*** Block opens ***

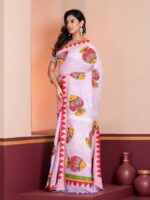 Hand-Painted Saree, Handloom - Image 3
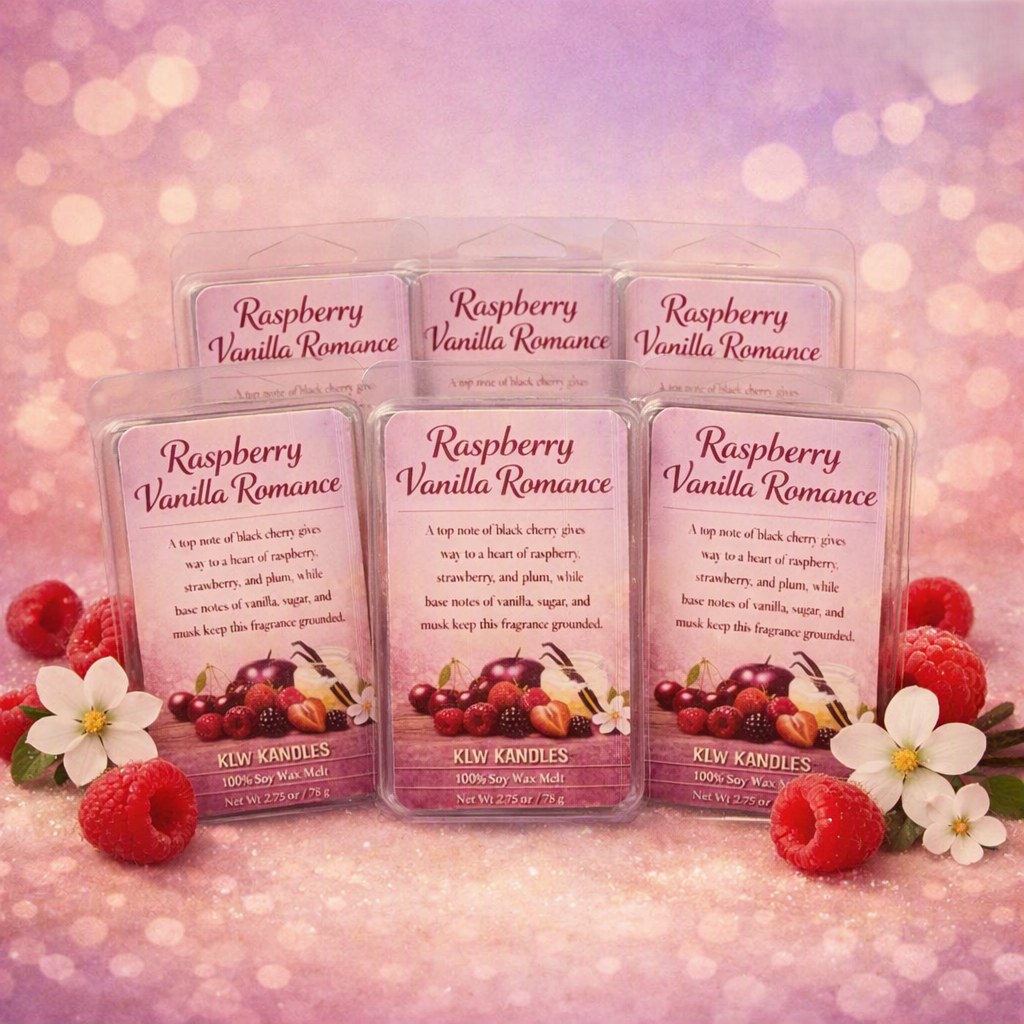 Raspberry Vanilla Romance Wax Melt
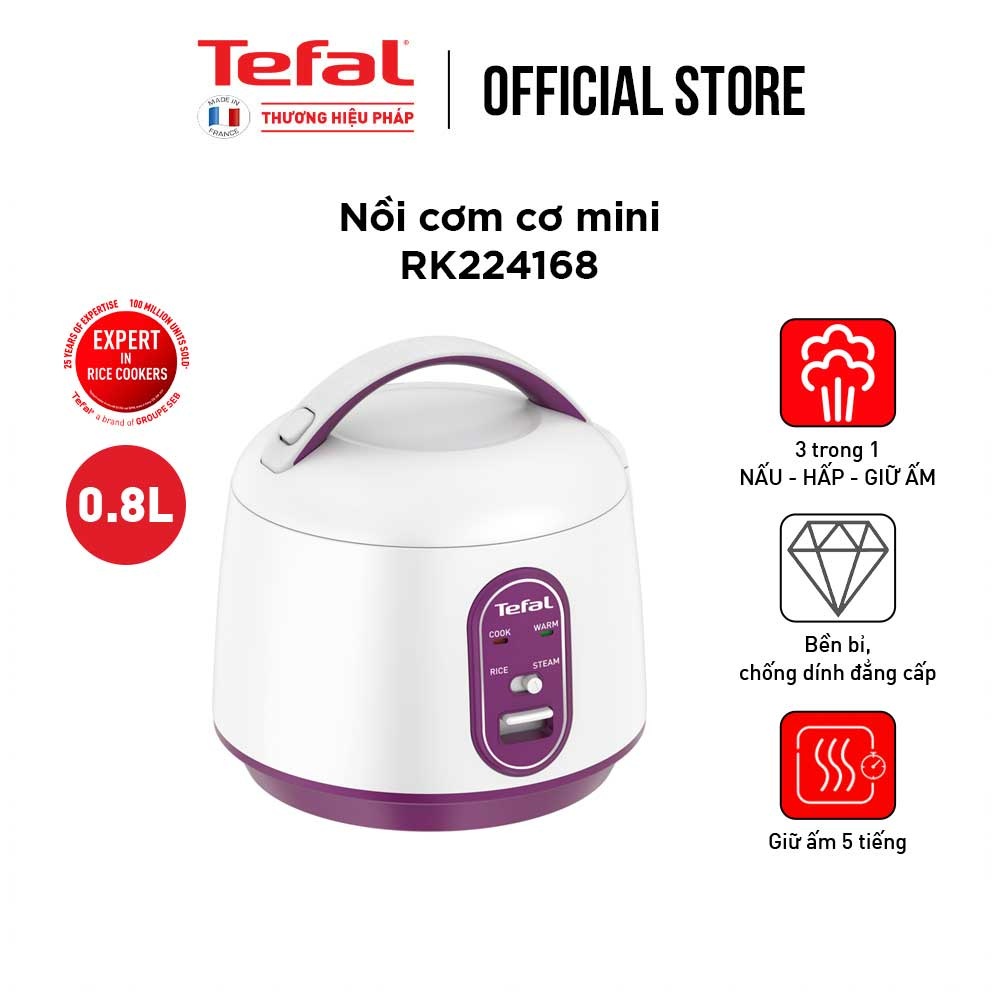 [GIFT] Nồi cơm điện cơ mini Tefal RK224168 - 0.7L, 300W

*** Block closes ***

Problem statement:
Omit the pictures and reproduce the listing exactly.

Output of the task:
 Hand-Painted Saree, Handloom - Image 3
 Raspberry Vanilla Romance Wax Melt
 [GIFT] Nồi cơm điện cơ mini Tefal RK224168 - 0.7L, 300W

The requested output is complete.